→ **Extracted information**:

----

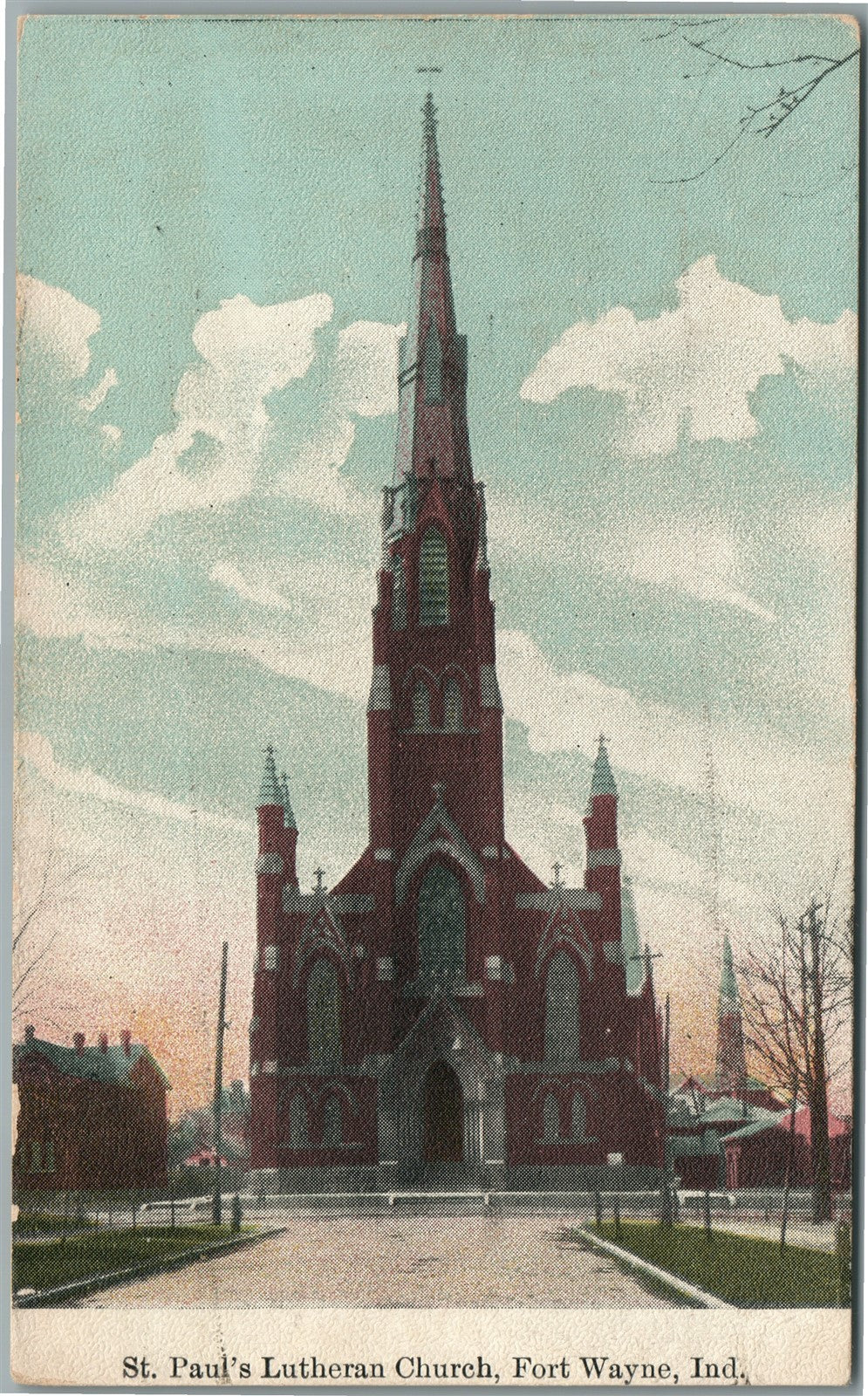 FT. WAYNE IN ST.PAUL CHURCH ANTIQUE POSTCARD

----

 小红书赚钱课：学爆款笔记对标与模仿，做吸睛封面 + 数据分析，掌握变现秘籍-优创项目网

----

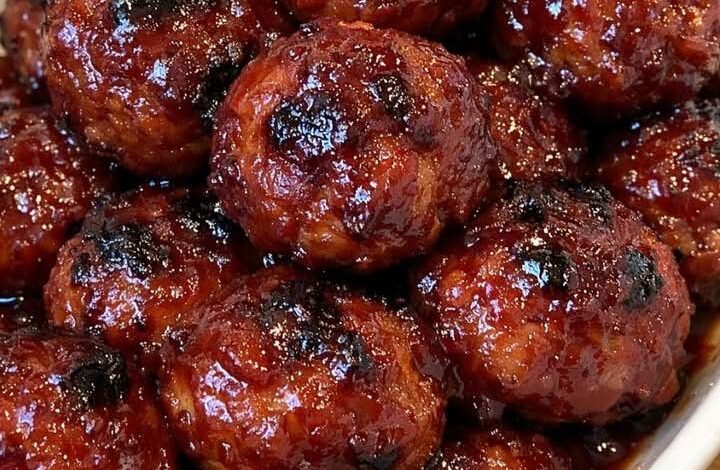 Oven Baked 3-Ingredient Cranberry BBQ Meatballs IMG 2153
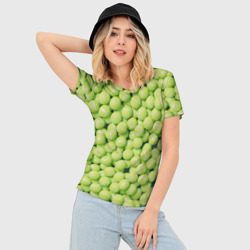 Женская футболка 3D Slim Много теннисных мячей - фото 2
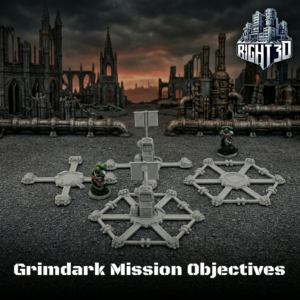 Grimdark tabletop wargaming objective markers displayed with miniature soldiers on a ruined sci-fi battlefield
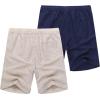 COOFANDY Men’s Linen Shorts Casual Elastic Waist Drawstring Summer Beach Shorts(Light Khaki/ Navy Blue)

----

→ **What you are asked to do**: Once the line with "Grimdark tabletop wargaming" has been found above, output that line and every later line exactly, stopping after the line with "COOFANDY Men’s Linen", and omit the pictures.

→ **Task response**:
 Grimdark tabletop wargaming objective markers displayed with miniature soldiers on a ruined sci-fi battlefield
 COOFANDY Men’s Linen Shorts Casual Elastic Waist Drawstring Summer Beach Shorts(Light Khaki/ Navy Blue)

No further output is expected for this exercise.